Problem to solve
Only one span of the listing below should come back. It runs from the line with "Classic Twin Room — House Beatrice Milano" through the line with "225/55/17 101v Maxxis - zimní pneu 2ks", and each of its lines must be reproduced exactly.

Records for this exercise
-------------------------

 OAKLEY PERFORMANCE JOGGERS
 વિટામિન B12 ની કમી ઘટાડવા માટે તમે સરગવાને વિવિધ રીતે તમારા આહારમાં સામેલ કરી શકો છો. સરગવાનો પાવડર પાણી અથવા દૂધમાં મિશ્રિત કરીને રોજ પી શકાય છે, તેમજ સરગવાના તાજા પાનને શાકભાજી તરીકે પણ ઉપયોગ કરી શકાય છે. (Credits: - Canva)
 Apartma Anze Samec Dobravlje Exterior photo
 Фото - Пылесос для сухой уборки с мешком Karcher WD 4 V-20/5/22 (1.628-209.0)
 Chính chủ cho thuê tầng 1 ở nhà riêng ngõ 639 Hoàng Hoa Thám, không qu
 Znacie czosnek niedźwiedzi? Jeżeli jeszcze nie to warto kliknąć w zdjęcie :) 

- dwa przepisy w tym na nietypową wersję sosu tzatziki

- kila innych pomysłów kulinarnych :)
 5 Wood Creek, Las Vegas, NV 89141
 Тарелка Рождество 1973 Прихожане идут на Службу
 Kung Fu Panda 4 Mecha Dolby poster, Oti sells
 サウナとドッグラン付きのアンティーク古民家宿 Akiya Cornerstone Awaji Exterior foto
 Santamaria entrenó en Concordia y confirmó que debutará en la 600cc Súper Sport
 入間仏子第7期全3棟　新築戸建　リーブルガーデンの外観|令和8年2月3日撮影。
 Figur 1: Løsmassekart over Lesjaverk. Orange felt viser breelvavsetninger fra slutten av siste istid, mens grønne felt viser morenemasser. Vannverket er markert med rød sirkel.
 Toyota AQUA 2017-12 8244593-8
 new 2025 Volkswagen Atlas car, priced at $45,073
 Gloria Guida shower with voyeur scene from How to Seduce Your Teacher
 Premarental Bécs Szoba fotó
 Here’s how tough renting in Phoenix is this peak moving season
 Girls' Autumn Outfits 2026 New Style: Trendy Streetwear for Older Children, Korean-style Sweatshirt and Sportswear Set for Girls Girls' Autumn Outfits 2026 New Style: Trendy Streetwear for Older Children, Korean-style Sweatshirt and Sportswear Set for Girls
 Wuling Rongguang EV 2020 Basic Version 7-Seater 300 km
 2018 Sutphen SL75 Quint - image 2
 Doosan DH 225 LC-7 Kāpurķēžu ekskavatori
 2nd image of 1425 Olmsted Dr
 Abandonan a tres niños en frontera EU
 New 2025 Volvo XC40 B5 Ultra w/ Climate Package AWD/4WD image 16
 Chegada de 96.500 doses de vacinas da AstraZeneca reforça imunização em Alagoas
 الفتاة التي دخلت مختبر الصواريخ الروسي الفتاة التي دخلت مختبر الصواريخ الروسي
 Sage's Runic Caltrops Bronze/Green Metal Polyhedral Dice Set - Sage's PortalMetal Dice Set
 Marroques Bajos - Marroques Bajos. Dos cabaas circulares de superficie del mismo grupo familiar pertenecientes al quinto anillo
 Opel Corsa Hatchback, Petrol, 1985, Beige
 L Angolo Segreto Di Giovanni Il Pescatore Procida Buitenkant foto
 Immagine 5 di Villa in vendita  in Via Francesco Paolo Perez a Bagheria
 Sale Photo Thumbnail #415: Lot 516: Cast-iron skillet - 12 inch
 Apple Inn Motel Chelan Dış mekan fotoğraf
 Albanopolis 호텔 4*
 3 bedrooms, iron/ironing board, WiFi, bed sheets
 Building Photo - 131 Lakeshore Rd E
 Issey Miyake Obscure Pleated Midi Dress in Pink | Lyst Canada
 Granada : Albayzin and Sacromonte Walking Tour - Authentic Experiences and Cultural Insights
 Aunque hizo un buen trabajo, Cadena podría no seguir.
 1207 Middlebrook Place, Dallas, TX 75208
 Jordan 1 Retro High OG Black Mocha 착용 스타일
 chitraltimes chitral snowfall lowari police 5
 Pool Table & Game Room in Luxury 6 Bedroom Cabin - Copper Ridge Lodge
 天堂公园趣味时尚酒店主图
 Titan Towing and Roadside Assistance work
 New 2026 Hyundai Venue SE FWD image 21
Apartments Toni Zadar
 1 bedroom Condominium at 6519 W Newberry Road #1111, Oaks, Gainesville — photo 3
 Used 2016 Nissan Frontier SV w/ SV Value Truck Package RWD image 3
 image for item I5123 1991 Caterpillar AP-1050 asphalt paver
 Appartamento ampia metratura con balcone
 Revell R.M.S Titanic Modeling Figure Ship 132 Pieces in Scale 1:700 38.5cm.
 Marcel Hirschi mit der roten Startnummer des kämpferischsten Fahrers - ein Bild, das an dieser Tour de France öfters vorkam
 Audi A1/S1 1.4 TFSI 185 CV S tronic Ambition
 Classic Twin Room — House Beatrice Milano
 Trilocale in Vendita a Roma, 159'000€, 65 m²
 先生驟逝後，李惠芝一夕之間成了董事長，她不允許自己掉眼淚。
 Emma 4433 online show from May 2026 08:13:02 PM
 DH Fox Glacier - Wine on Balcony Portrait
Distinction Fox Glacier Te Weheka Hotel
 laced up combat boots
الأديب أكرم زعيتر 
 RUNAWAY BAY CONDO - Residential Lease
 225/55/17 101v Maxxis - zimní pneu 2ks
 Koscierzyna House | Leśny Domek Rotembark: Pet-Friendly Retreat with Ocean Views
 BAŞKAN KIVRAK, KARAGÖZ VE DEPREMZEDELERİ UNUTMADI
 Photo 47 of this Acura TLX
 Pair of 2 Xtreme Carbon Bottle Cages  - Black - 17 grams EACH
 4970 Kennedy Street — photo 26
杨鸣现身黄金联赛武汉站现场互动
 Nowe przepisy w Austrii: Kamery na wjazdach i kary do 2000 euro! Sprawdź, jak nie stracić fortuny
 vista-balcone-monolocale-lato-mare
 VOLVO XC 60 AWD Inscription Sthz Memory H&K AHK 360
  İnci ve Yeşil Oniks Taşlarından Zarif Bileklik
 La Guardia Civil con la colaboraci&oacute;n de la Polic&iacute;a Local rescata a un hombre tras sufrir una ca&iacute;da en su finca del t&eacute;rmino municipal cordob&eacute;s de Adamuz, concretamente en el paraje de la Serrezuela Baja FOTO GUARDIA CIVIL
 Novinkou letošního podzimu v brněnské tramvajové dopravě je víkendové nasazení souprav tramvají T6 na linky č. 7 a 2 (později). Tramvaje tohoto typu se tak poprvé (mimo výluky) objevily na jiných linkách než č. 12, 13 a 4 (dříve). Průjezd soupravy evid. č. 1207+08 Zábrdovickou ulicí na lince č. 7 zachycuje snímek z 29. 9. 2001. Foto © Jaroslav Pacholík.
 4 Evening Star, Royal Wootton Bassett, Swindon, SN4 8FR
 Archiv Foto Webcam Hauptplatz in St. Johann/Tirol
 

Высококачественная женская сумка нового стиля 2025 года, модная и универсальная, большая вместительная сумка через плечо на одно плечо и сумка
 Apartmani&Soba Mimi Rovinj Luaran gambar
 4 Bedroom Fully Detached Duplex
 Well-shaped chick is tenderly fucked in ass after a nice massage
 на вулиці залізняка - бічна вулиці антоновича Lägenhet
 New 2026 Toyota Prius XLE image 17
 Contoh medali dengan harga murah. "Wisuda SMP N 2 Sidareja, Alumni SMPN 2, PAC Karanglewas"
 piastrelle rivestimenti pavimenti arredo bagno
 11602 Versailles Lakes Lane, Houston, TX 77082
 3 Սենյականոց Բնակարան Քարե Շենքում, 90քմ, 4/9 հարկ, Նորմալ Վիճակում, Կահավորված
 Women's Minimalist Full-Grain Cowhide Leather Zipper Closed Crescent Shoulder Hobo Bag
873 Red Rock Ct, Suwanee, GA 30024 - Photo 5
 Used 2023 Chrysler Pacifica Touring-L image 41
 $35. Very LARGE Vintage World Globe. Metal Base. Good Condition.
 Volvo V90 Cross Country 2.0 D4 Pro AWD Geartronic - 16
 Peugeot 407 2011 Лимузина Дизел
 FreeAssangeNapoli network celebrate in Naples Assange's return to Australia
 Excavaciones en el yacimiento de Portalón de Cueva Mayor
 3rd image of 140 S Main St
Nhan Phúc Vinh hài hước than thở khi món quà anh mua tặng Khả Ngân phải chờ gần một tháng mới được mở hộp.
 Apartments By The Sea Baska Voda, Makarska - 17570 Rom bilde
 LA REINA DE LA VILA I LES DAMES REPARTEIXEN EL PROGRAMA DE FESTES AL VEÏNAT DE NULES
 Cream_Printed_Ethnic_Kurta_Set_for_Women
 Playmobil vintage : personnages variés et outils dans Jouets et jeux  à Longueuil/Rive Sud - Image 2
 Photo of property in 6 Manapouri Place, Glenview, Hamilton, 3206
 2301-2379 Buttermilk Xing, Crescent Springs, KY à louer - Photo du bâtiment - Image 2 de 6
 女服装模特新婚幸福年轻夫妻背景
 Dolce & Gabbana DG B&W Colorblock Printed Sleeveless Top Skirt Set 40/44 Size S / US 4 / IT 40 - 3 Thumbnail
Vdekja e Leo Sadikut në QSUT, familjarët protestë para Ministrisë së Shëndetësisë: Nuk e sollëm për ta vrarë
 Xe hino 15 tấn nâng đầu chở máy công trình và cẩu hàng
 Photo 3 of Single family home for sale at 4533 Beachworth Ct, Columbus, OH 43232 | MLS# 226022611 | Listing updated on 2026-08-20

-------------------------

Answer area
 Classic Twin Room — House Beatrice Milano
 Trilocale in Vendita a Roma, 159'000€, 65 m²
 先生驟逝後，李惠芝一夕之間成了董事長，她不允許自己掉眼淚。
 Emma 4433 online show from May 2026 08:13:02 PM
 DH Fox Glacier - Wine on Balcony Portrait
Distinction Fox Glacier Te Weheka Hotel
 laced up combat boots
الأديب أكرم زعيتر 
 RUNAWAY BAY CONDO - Residential Lease
 225/55/17 101v Maxxis - zimní pneu 2ks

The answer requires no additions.